» **Problem description**
Only the lines below starting at the one containing "Greetings Angel Myosotis" and ending at the one containing "Vacation V Neck" belong in the answer, each copied exactly.

(Short text fragments from websites)
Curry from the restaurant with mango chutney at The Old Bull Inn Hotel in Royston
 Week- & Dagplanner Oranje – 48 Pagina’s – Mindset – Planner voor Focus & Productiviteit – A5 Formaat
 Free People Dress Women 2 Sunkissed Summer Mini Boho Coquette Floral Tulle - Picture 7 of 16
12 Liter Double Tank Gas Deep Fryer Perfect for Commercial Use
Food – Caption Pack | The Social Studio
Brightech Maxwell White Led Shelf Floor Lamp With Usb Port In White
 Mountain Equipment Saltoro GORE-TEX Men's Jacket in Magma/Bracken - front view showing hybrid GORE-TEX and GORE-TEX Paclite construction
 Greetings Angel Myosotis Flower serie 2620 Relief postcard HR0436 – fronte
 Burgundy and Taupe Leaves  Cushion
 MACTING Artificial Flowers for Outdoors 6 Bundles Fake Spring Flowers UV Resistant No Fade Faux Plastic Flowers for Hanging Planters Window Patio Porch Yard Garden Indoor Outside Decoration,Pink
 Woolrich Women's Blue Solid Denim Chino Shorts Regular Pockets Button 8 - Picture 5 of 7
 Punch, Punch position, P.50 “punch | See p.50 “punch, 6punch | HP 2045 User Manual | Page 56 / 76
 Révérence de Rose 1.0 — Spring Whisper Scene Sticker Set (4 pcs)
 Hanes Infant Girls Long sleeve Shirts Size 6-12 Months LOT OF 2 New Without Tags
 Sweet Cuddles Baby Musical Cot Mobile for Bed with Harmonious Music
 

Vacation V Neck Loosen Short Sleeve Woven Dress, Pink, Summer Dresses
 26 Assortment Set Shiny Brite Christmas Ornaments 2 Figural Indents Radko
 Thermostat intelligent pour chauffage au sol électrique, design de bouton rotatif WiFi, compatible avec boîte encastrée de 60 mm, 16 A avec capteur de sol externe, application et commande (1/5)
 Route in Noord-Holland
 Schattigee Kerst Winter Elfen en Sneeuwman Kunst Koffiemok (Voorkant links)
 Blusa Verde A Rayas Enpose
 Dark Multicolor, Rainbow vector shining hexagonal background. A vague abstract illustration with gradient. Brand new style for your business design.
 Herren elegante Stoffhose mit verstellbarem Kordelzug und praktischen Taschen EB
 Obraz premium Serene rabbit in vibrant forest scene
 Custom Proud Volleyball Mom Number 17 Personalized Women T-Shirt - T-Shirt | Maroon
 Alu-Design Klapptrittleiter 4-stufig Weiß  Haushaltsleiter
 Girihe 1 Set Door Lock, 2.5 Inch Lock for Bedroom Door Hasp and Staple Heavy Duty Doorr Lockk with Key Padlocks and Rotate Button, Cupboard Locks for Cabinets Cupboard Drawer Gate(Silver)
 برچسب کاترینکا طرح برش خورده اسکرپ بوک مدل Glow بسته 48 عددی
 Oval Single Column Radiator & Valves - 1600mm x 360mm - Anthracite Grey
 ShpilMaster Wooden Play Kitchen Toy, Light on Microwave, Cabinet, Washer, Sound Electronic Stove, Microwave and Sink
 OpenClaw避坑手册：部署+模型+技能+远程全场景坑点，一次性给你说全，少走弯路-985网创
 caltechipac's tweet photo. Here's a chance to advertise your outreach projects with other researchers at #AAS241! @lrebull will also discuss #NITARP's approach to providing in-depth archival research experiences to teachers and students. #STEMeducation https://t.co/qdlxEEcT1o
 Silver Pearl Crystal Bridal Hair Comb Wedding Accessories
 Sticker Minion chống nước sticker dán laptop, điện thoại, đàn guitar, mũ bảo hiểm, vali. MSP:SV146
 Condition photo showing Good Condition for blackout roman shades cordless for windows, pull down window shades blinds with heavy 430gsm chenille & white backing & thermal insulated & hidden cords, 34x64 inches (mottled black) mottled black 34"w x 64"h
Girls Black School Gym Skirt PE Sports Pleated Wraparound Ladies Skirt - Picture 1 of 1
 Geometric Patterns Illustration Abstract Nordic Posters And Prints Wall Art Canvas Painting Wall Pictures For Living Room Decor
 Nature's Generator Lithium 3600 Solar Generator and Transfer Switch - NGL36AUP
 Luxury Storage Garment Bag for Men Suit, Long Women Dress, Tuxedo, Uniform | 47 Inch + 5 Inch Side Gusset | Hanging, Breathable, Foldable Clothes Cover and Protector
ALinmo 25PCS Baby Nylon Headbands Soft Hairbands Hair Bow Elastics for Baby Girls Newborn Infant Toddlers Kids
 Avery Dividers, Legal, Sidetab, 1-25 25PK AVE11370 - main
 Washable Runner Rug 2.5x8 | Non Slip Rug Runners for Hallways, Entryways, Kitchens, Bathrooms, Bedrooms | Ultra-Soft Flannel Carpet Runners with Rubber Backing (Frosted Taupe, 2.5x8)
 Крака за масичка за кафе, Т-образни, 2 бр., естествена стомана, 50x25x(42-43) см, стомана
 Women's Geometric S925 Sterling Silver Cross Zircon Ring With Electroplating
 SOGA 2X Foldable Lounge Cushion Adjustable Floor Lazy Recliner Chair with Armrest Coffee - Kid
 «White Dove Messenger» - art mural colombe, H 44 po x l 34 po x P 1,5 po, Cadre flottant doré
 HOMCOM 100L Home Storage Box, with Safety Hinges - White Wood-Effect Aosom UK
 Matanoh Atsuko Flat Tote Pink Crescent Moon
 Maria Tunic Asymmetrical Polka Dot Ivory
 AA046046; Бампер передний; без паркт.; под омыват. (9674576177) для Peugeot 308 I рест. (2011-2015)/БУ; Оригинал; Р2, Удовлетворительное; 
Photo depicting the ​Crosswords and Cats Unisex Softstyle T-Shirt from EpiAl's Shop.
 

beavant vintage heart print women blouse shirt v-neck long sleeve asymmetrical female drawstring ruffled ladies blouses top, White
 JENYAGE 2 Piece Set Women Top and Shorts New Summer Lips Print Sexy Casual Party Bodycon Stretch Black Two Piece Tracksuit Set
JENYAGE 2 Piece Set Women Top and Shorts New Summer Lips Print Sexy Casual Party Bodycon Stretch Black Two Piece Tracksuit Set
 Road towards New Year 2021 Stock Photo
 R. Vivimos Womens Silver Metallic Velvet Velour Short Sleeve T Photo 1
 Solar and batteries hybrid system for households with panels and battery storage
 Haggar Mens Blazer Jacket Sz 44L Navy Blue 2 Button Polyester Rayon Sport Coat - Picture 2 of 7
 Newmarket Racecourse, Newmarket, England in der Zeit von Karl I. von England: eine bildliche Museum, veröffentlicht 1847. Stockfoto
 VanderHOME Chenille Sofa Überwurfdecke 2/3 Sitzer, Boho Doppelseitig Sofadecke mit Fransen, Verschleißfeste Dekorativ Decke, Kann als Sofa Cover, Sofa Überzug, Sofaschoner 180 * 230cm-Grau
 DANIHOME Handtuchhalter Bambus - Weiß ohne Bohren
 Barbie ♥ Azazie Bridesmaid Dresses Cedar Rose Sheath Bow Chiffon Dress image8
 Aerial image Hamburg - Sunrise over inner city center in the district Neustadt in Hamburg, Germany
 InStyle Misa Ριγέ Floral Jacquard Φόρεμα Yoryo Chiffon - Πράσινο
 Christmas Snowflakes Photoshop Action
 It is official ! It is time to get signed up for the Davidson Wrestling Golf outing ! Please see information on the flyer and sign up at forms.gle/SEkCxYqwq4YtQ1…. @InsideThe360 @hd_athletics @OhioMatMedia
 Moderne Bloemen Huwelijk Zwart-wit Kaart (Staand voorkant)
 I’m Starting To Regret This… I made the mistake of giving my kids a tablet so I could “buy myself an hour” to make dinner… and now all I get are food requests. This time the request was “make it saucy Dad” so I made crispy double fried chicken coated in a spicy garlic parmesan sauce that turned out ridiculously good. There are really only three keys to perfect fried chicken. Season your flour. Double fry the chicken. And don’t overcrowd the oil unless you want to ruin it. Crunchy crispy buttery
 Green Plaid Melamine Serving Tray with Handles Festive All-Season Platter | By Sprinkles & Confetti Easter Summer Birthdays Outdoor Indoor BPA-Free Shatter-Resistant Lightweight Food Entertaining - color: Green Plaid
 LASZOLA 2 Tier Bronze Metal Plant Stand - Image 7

» **Output of the exercise**
 Greetings Angel Myosotis Flower serie 2620 Relief postcard HR0436 – fronte
 Burgundy and Taupe Leaves  Cushion
 MACTING Artificial Flowers for Outdoors 6 Bundles Fake Spring Flowers UV Resistant No Fade Faux Plastic Flowers for Hanging Planters Window Patio Porch Yard Garden Indoor Outside Decoration,Pink
 Woolrich Women's Blue Solid Denim Chino Shorts Regular Pockets Button 8 - Picture 5 of 7
 Punch, Punch position, P.50 “punch | See p.50 “punch, 6punch | HP 2045 User Manual | Page 56 / 76
 Révérence de Rose 1.0 — Spring Whisper Scene Sticker Set (4 pcs)
 Hanes Infant Girls Long sleeve Shirts Size 6-12 Months LOT OF 2 New Without Tags
 Sweet Cuddles Baby Musical Cot Mobile for Bed with Harmonious Music
 

Vacation V Neck Loosen Short Sleeve Woven Dress, Pink, Summer Dresses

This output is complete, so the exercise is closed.